3.3 Weighted codeword assignment for persistence bag of words (wPBoW)

The weighting function from Sect. 3.2 can be similarly used to weight the histogram assignments to give points with higher persistence more influence in the final representation. For this purpose, instead of counting the number of points, we sum up the weights of their persistent coordinates.

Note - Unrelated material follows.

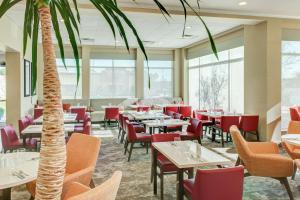 ein Restaurant mit Tischen, Stühlen und einer Palme in der Unterkunft Hilton Garden Inn Lakewood in Lakewood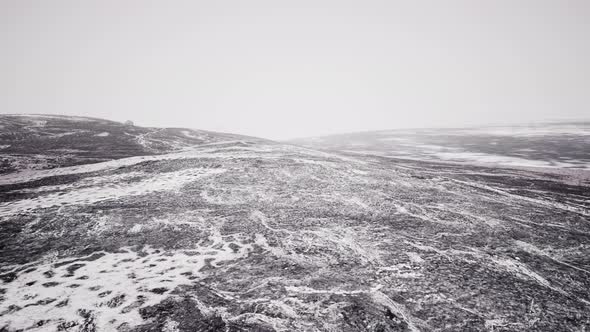 Foggy Mountain Landscape with Snow Cornice Over Abyss Inside Cloud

$$\begin{aligned} \mathbf{v} ^{\mathbf{wPBoW }}(B)=\left( v^{wPBoW}_i=\sum _{(b,p)\in B :NN((b,p))=i}w_{a,b}(p)\right) _{i=1..N}, \end{aligned}$$
(3)

where \(B \in \mathcal {D}\). We will refer to this representation as weighted persistence bag of words (wPBoW) in the following. Similary to standard PBoW, wPBoW is not stable with respect to 1-Wasserstein distance. The couterexample is identical with the one in Sect. 3.1, when we assume that function \(w_{a,b}\) is identity.

3.4 Stable persistence bag of words (sPBoW)

After having integrated persistence-based weighting into codebook generation and also into histogram assignment, we aim at making the representation stable. To this end we adapt soft assignment of points to clusters and prove that such an approach guarantees stability of the resulting representation. Stable persistence bag of words (sPBoW) similarly to PBoW (and wPBoW) first consolidates PDs in the initial step of construction, and then generates a GMM based on the sub-sampled points (e.g. by expectation maximization algorithm Nasrabadi 2007). This approach was originally introduced by Van Gemert et al. (2008).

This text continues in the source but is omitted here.